BEGIN Source material

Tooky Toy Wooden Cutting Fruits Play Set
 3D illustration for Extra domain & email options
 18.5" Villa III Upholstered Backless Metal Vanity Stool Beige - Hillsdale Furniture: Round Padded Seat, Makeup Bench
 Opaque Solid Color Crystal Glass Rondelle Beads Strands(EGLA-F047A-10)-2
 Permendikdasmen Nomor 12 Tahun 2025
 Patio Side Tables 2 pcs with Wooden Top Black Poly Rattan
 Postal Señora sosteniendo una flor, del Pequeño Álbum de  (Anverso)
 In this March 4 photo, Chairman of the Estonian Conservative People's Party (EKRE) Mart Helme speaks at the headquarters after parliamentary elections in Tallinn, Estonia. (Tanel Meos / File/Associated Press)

END Source material

▶ **Task instructions**: Find the line that contains "Opaque Solid Color". Repeat it and every line after it, exactly as written, up to and including the last line of the records above.

▶ **Response to the task**:
 Opaque Solid Color Crystal Glass Rondelle Beads Strands(EGLA-F047A-10)-2
 Permendikdasmen Nomor 12 Tahun 2025
 Patio Side Tables 2 pcs with Wooden Top Black Poly Rattan
 Postal Señora sosteniendo una flor, del Pequeño Álbum de  (Anverso)
 In this March 4 photo, Chairman of the Estonian Conservative People's Party (EKRE) Mart Helme speaks at the headquarters after parliamentary elections in Tallinn, Estonia. (Tanel Meos / File/Associated Press)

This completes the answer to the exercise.